#### Entries provided
[Start of section]
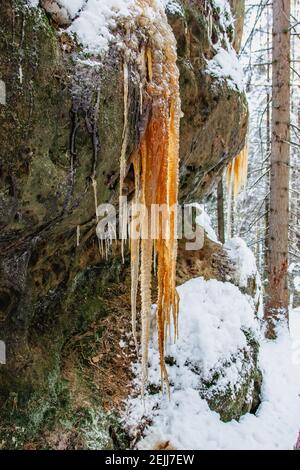 Faszinierende Eisformationen und Eiszapfen genannt Brtnicke Eisfälle, CZ ledopady, im Nationalpark Böhmische Schweiz, Tschechische republik.Winterausflug Stockfoto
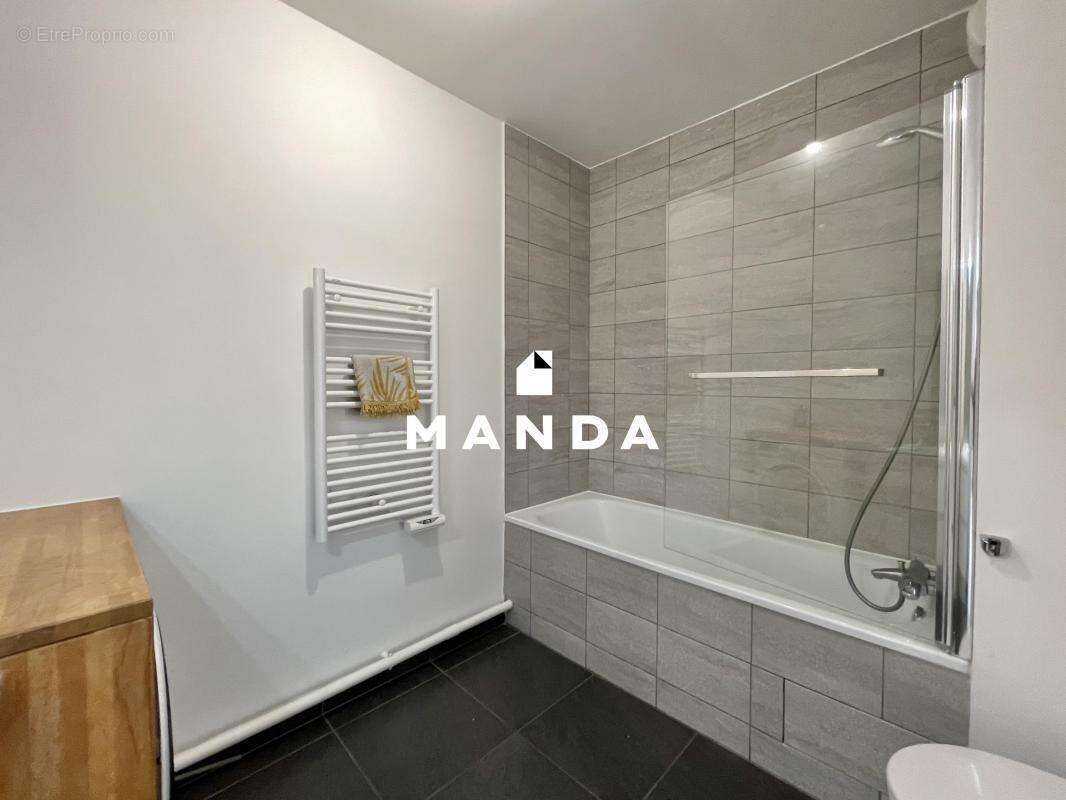 Appartement à NANTERRE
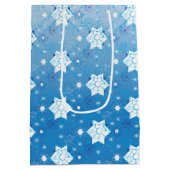 冬の青と白の雪片パターン ミディアムペーパーバッグ (裏面)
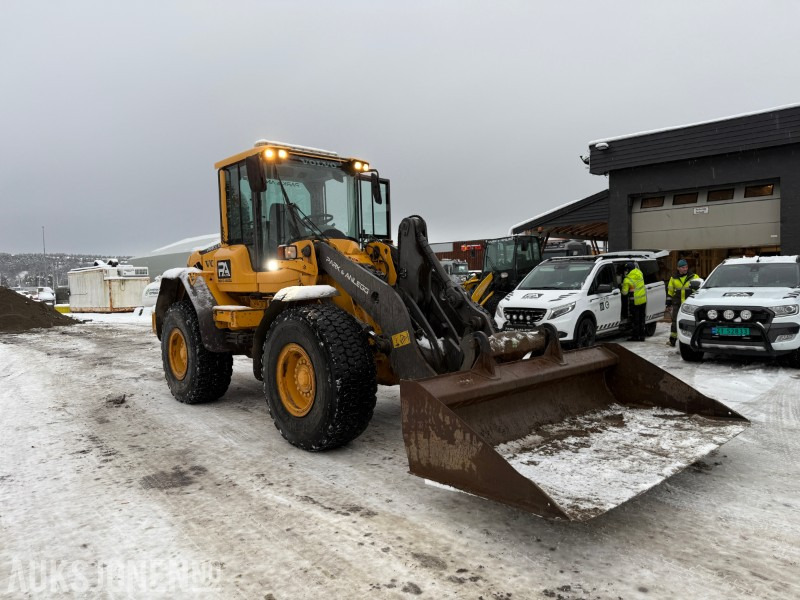 2007 Volvo L70F - Pusseskuffe - 9668t - Sentralsmøring - Wheel loader: picture 4 2007 Volvo L70F - Pusseskuffe - 9668t - Sentralsmøring - Wheel loader: picture 4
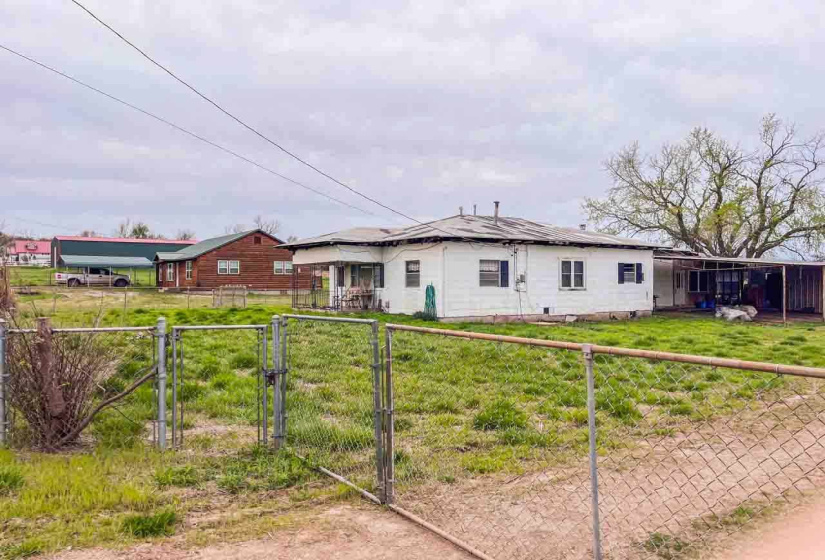 3 Bedrooms Bedrooms, ,1 BathroomBathrooms,Residential,Single Family,Kings,1,130909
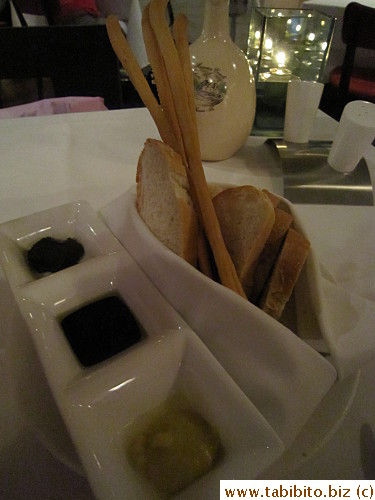 A basket of bread and dip arrived soon after we ordered our food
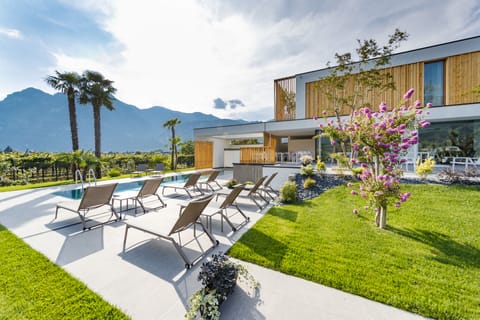 Sundeck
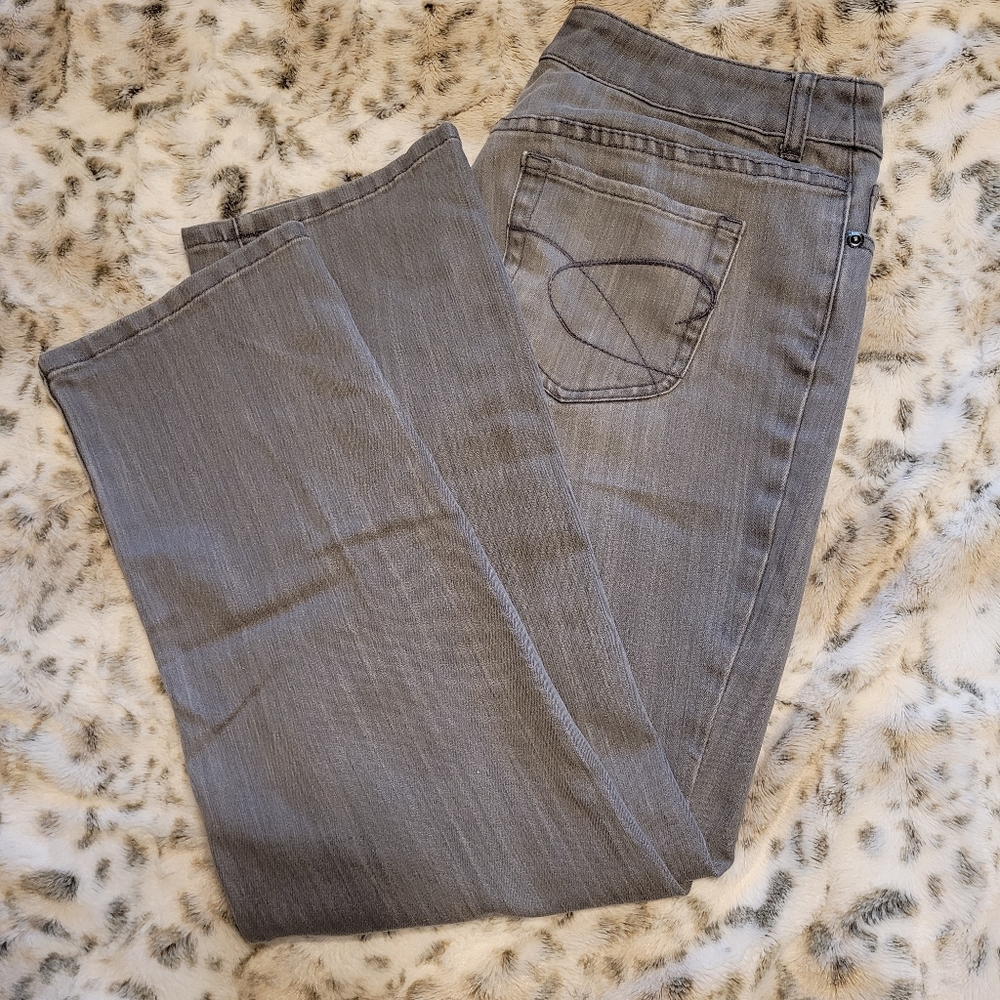 CHICOS PLATINUM GRAY JEANS SIZE 1.5 SHORT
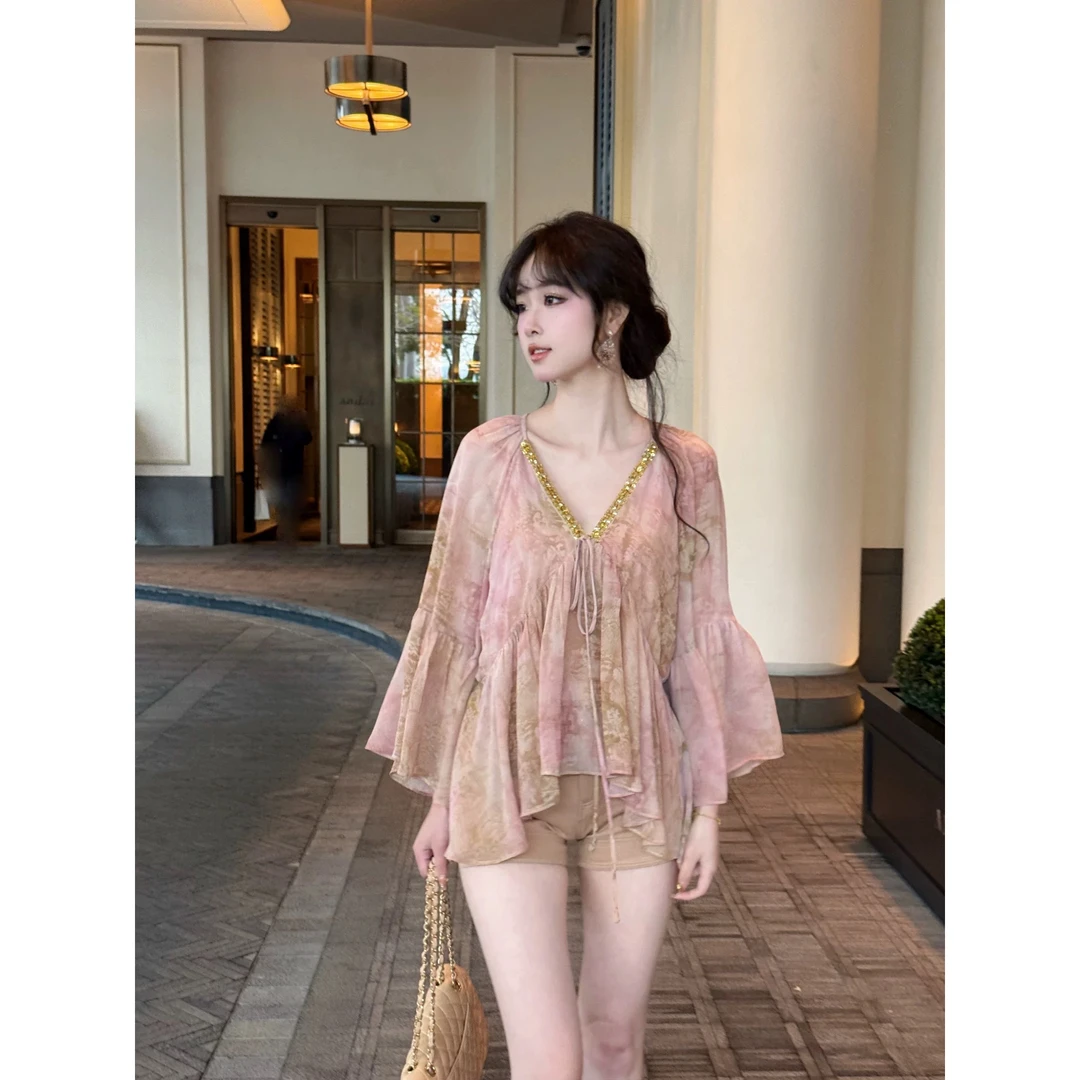 【温柔到骨子里】温柔风V领碎花衬衫上衣氛围感少女清冷感气质小衫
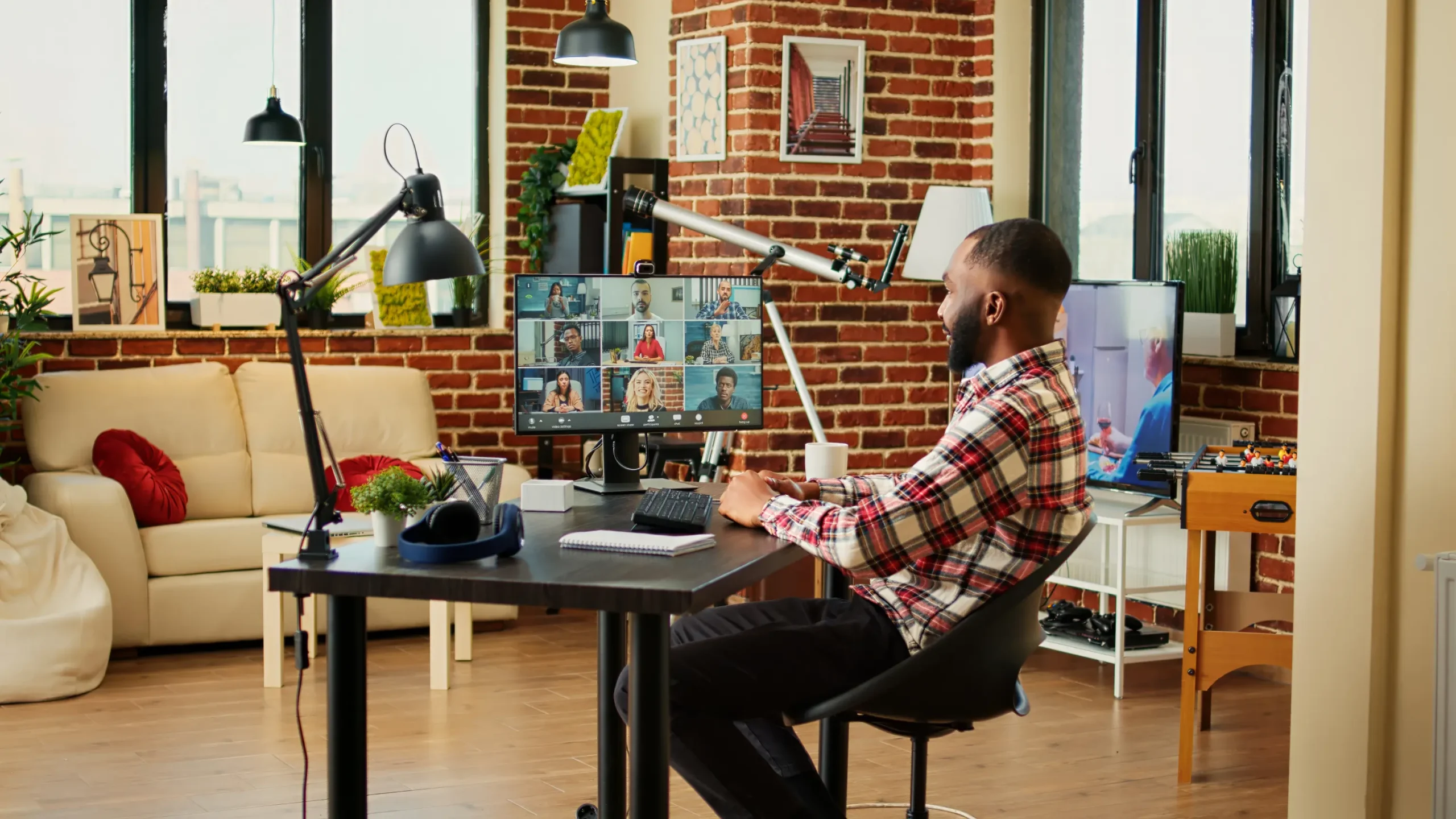 Zoom Fibre | Employee In Video Conference With Team 2025 02 18 13 01 26 UtcWhat is "Fibre to the Home"? A Simple Guide to Better Home InternetBlog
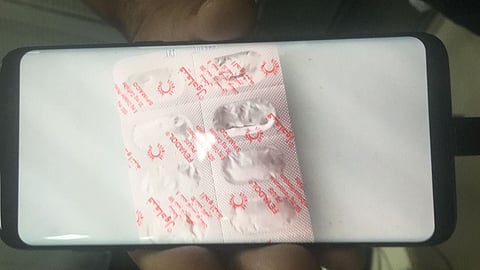 مسكّن "فيفادول" يحول إجازة سعودي بجورجيا إلى عذاب.. توقيف ومنع من السفر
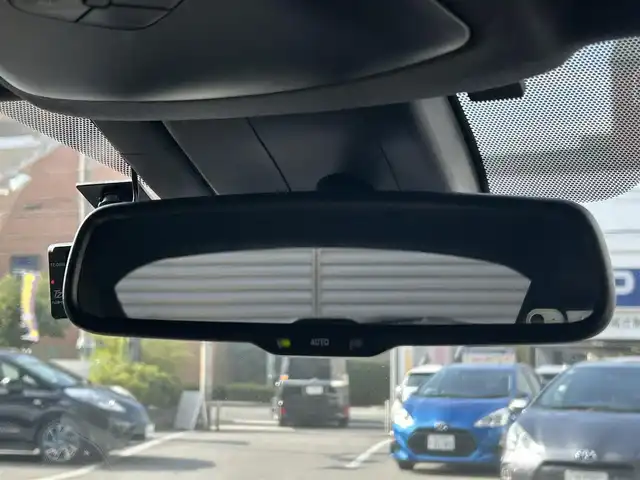 トヨタ Ｃ－ＨＲ G 大阪府 2019(令1)年 5万km ホワイトパールクリスタルシャイン OP　バックカメラ/OP　リヤクロストラフィックアラート/純正7インチSDナビ　/Bluetooth/CD/DVD/AM/FM/クルーズコントロール追従機能付き/アイドリングストップ/前後コーナーセンサー/ABS/横滑り防止機能/ブラインドスポットモニタ/オートLEDヘッドライト/フォグランプ/スペアキー×1/保証書/取扱説明書/記録簿　R7年6月　R6年6月　R5年5月　R4年6月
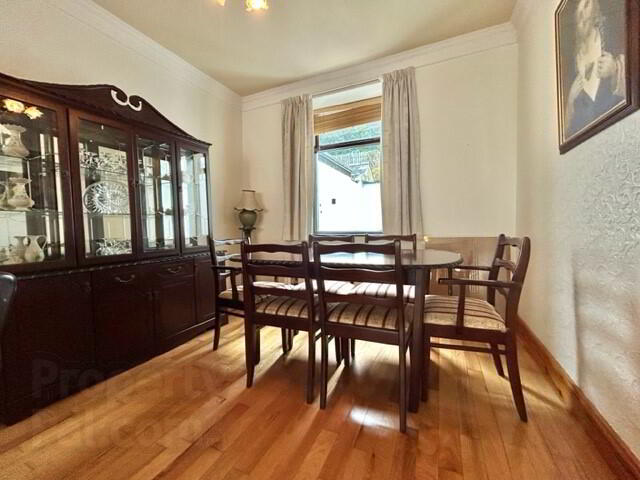 4 Benvarden Avenue
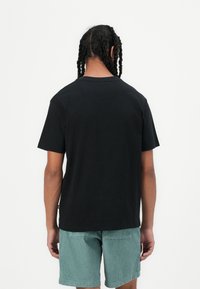 New Balance ATHLETICS TICKET UNISEX - T-shirt con stampa - black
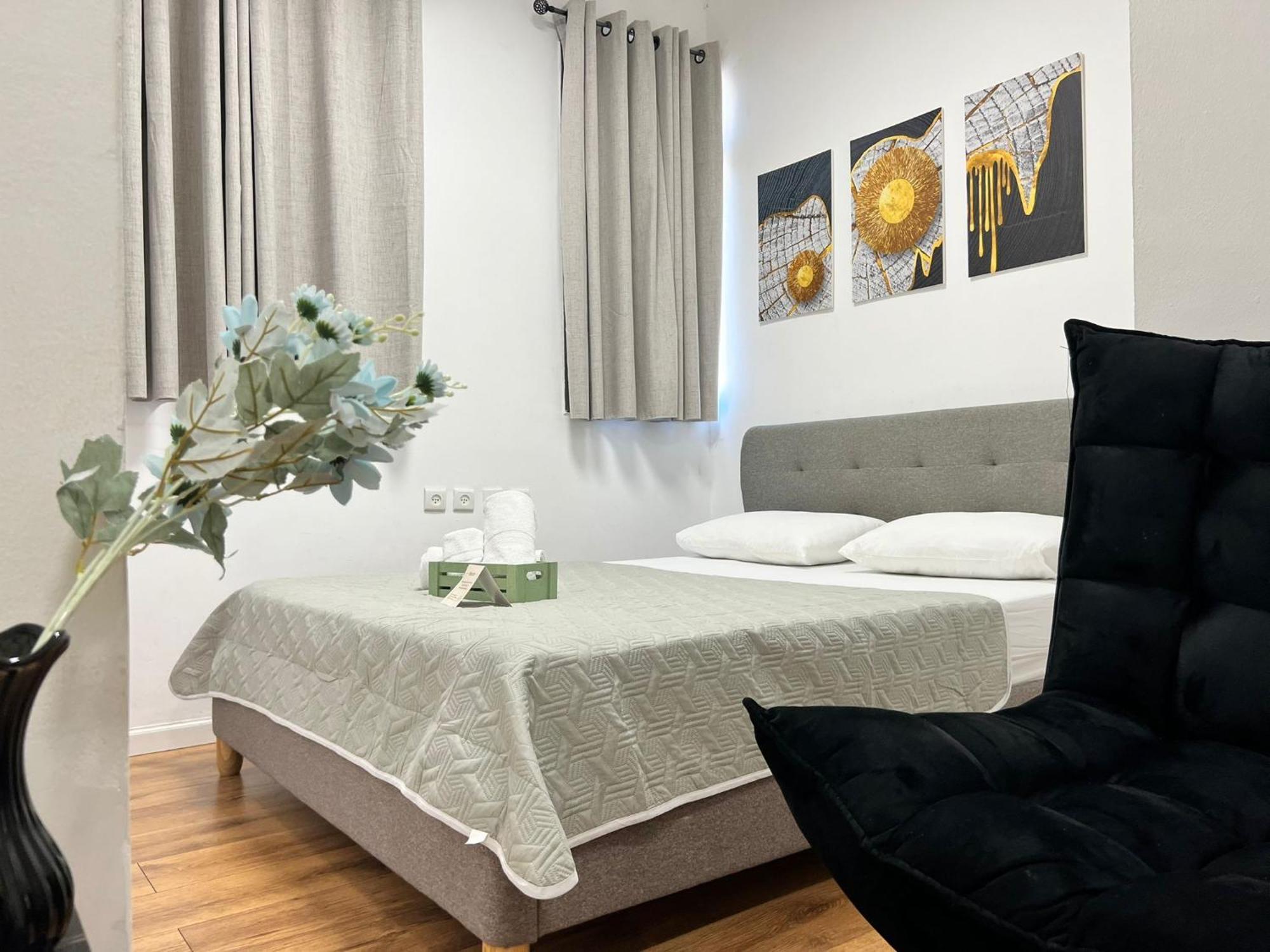 Godson Talpiot Aparthotel Haifa Bagian luar foto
[End of section]
#### Aim of the task
Line by line, transcribe the records exactly, omitting the images.

#### Task solution
 Faszinierende Eisformationen und Eiszapfen genannt Brtnicke Eisfälle, CZ ledopady, im Nationalpark Böhmische Schweiz, Tschechische republik.Winterausflug Stockfoto
 Appartement à NANTERRE
 冬の青と白の雪片パターン ミディアムペーパーバッグ (裏面)
 2007 Volvo L70F - Pusseskuffe - 9668t - Sentralsmøring - Wheel loader: picture 4 2007 Volvo L70F - Pusseskuffe - 9668t - Sentralsmøring - Wheel loader: picture 4
 3 Bedrooms Bedrooms, ,1 BathroomBathrooms,Residential,Single Family,Kings,1,130909
 A basket of bread and dip arrived soon after we ordered our food
 Sundeck
 CHICOS PLATINUM GRAY JEANS SIZE 1.5 SHORT
 【温柔到骨子里】温柔风V领碎花衬衫上衣氛围感少女清冷感气质小衫
 Zoom Fibre | Employee In Video Conference With Team 2025 02 18 13 01 26 UtcWhat is "Fibre to the Home"? A Simple Guide to Better Home InternetBlog
 مسكّن "فيفادول" يحول إجازة سعودي بجورجيا إلى عذاب.. توقيف ومنع من السفر
 トヨタ Ｃ－ＨＲ G 大阪府 2019(令1)年 5万km ホワイトパールクリスタルシャイン OP　バックカメラ/OP　リヤクロストラフィックアラート/純正7インチSDナビ　/Bluetooth/CD/DVD/AM/FM/クルーズコントロール追従機能付き/アイドリングストップ/前後コーナーセンサー/ABS/横滑り防止機能/ブラインドスポットモニタ/オートLEDヘッドライト/フォグランプ/スペアキー×1/保証書/取扱説明書/記録簿　R7年6月　R6年6月　R5年5月　R4年6月
 4 Benvarden Avenue
 New Balance ATHLETICS TICKET UNISEX - T-shirt con stampa - black
 Godson Talpiot Aparthotel Haifa Bagian luar foto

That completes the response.